Bitcoin miner lurking on Facebook
Facebook users, beware: a new viral campaign aimed at saddling you with a Bitcoin mining Trojan has been spotted.
“The virus spreads through private Facebook messages, received from one of the victim’s trusted Facebook friends,” explains Bitdefender’s Alexandra Gheorghe. “It reads ‘hahaha”‘ and contains an archive called 1IMAG00953.zip with what seems to be a legitimate .jpg image file.”
Unfortunately, it’s not. It is a Java file that is executed immediately after the user runs it, and downloads DLL files from a pre-defined Dropbox account.
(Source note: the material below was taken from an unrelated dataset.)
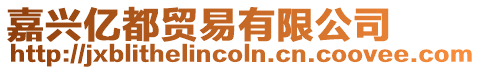 嘉興億都貿易有限公司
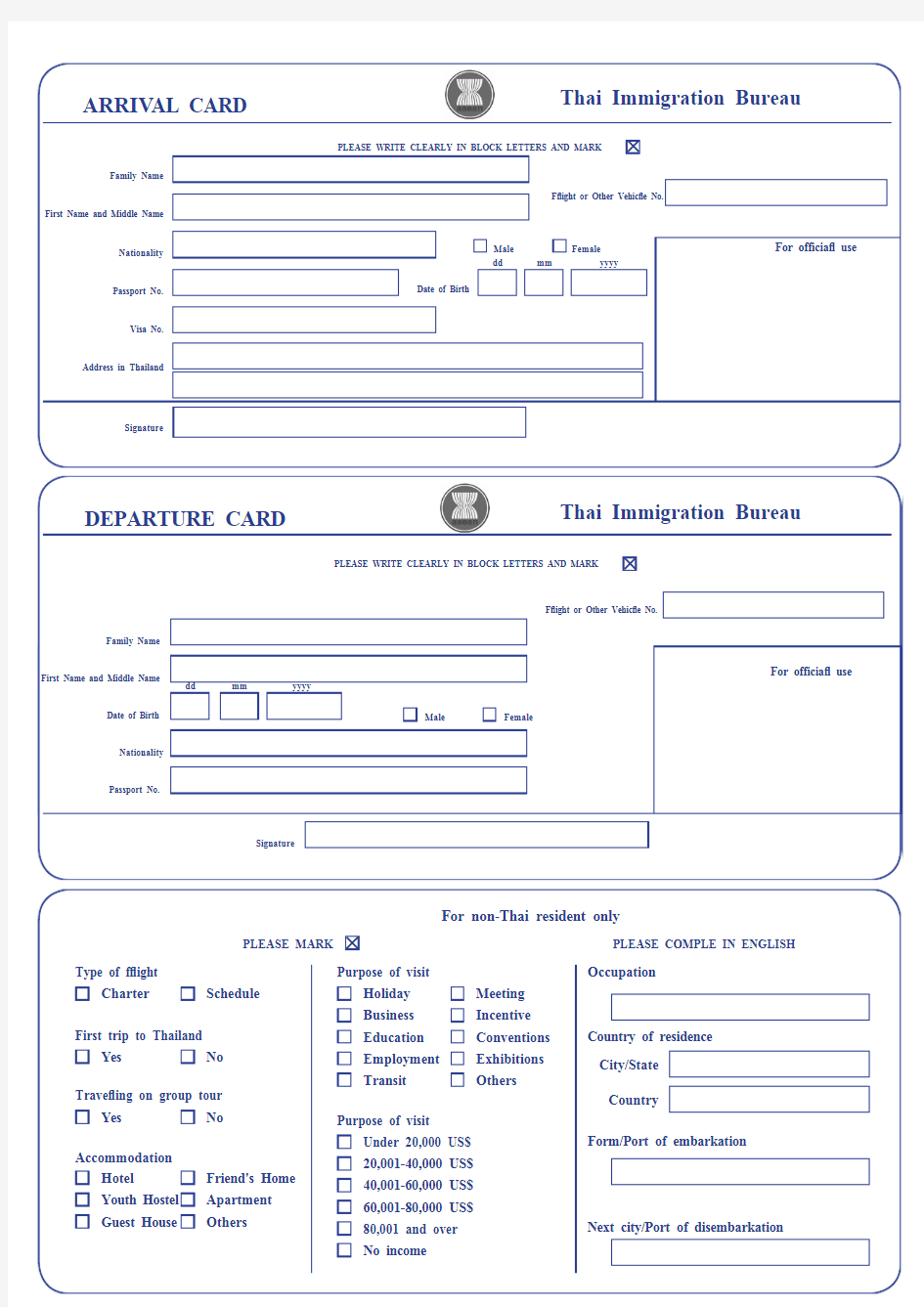 泰国入境卡英文版 模板 可填写 高清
The files connect to a C&C server, and receive back shellcode that is injected into Windows Explorer and executed.
This allows the download of an additional DLL file that embeds a Bitcoin miner into the system and immediately puts it to work.
While a message sent along with the initial shellcode says that cyber crooks are only interested in taking advantage of the victims’ computer’s mining capabilities, Bitdefender researchers warn that the delivered payload can be changed every couple of hours, and the criminals could follow up with more destructive malware.
The best thing to do is, obviously, to avoid getting compromised altogether, so avoid opening this and similar messages from any source on Facebook, the Internet, or if you receive them via SMS.
So far, the Bitcoin miner has been detected infecting systems in Portugal, Belgium, India, Romania and Serbia.